Thanks Nutmeg for the input, I agree that it needs to be monitored for a little longer given the recent decline in earnings etc.

If nothing major changed in their operatings and they continued their historical growth before the most recent hiccup then $5.00 would be a great entry price long term.

Certainly a stock thats on my radar, will be watching with interest.


----------



## McCoy Pauley (25 May 2012)

I bought into IRE when it was just above $7.00/share earlier this year but sold out when IRE downgraded its profit forecast by 10% for the current financial year.

Seemed to maintain a fairly constant ROE over the last 10 years and I like the fact that it makes much of its revenue from recurring sources (licence agreements, in particular).  Not so sure that I like the expansions into foreign markets, though.

Still keeping an eye on it, but probably won't enter it until the price drops a fair amount more.


----------



## skc (25 May 2012)

kermit345 said:


> Thanks Nutmeg for the input, I agree that it needs to be monitored for a little longer given the recent decline in earnings etc.
> 
> If nothing major changed in their operatings and they continued their historical growth before the most recent hiccup then $5.00 would be a great entry price long term.
> 
> Certainly a stock thats on my radar, will be watching with interest.
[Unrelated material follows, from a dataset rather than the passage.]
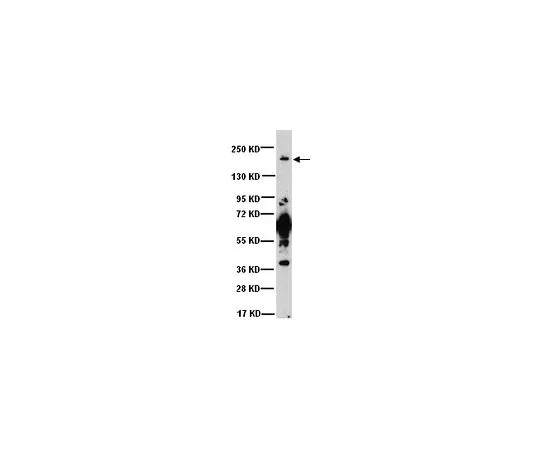 62-8448-10　抗钠，钾，氯化物共转运蛋白1;50μg　AB3560P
FWIW I use their WebIress for the last 3 years and nothing has changed that I can see. Disappointed with them on the product innovation front.
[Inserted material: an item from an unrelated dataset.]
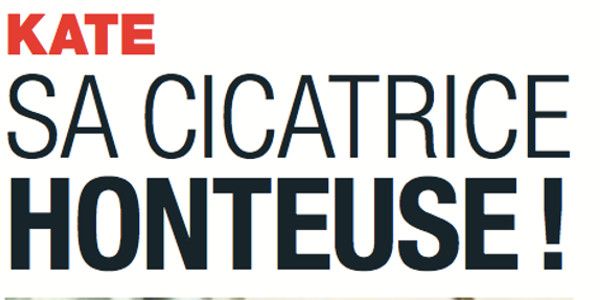 Kate Middelton, « sa cicatrice honteuse » (photo)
However, keep in mind that the WebIress is just their cheap and nasty retail platform and may not be on their development focus at all.

Also, it seems to me that at least some of their earning is tied to the market activity level, which in turn is tied to the bullishness of the market. Volume tends to shy away in volatile / bearish markets (at least as far as brokers are concerned).


----------



## McLovin (25 May 2012)

I bought Bridge DFS on the float in 2000 and sold it back in about September '06 (along with most of what I had in the market at the time). IRE looks like a bit of a value trap, IMO. The justification for the price seems to revolve around even though the market isn't doing that well the wall of money that flows from superannuation will eventually have to find a home outside of cash. That maybe true, but super funds, because of their size, are buy and hold types, and IRE needs transactions and volume. What we saw last decade is was an outlier and will not be repeated.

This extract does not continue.